Das liest sich vor allem deshalb sehr unterhaltend, weil im Hintergrund immer die viktorianischen Moralvorstellungen mitklingen. Die Entfesselungskünste der schlangenfrauartigen Florence werden so vorgeführt, dass es schon etwas Voyeuristisches hat. Aber da sie ja ein Medium ist, ein zudem zutiefst religiöses, wird ihr „Wirken“ nicht als anstößig empfunden. Der Leser sieht aber in den Kopf Florence‘ und weiß es besser, denn sie träumt von Mr Blackwood, der es als einziger versteht, sie wirklich sehr, sehr fest zu fesseln (Ich brauche, verzeihen Sie, gar keinen Gott. Ich brauche nur gute Stricke.). Ein Schelm, der Böses dabei denkt.
Und währenddessen wagt ein anderer Protagonist, der Wissenschaftler Crooke, es nicht, seine Frau, deren Bauch sich zum achten Mal rundet, zu fragen, wann das Kind zur Welt komme. So etwas gehört sich nämlich einfach nicht. Und dann überlässt ihr der Herr Wissenschaftler – darüber sinnierend, ob Frauen so etwas wie Langeweile kennen – ein Klümpchen Quecksilber zum Zeitvertreib... Aber spielt das noch eine Rolle, wenn sich ohnehin alle mit opiumhaltigen Medikamenten zudröhnen und in der Wandfarbe Arsen enthalten ist?
Und dann ist da die titelgebende Katie, die Florence erscheint: Geist aus dem 17. Jahrhundert, Piratentochter, Ergebnis einer Vergewaltigung, androgynes Wesen, Mörderin. Wenn sie einen Lebenden des 19. Jahrhunderts verführt, ist das so wunderbar ironisch, indirekt beschrieben, dass es eine Wonne ist...Er [der Geist] erfreute ihn, wie sich Pratt bislang nur selbst erfreut hatte
Doch lässt sich überhaupt sagen, ob der Spuk echt ist, wenn ständig alle zugedröhnt sind und ihre unterdrückte Sexualität sublimiert werden muss? Und währenddessen streift Crookes schwangere Frau ruhelos durch ihr Haus, als sei sie der eigentliche Geist.
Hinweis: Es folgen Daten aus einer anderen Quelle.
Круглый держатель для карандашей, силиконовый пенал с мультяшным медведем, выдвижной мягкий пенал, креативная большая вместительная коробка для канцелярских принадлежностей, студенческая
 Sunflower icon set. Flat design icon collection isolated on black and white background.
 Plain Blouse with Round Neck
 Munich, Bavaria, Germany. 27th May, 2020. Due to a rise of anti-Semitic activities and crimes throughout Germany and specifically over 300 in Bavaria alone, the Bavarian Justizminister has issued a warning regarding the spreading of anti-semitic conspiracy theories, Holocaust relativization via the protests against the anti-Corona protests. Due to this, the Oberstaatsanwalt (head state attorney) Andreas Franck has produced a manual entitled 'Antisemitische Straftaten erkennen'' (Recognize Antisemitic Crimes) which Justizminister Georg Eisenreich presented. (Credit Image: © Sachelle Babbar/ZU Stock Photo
Ich empfinde dieses in London spielende Buch als so englisch, dass ich beim Lesen manchmal dachte: „Wie lautet dieses Passage wohl im Original“, um mich dann immer wieder daran erinnern zu müssen, dass es auf Deutsch geschrieben wurde. So etwas passiert mir selten und zeigt wohl, wie gut Wunnicke den Ton dieser Zeit und dieser Milieus trifft.
Fazit: Ein unglaublich amüsant zu lesendes, kluges Buch. Und am Ende lassen sich sogar Fortschritte verzeichnen: für die Wissenschaft und für die Frauen. Dass sowohl das Medium als auch der Wissenschaftler auf reale Personen zurückgehen, kann man fast nicht glauben, aber so ist es.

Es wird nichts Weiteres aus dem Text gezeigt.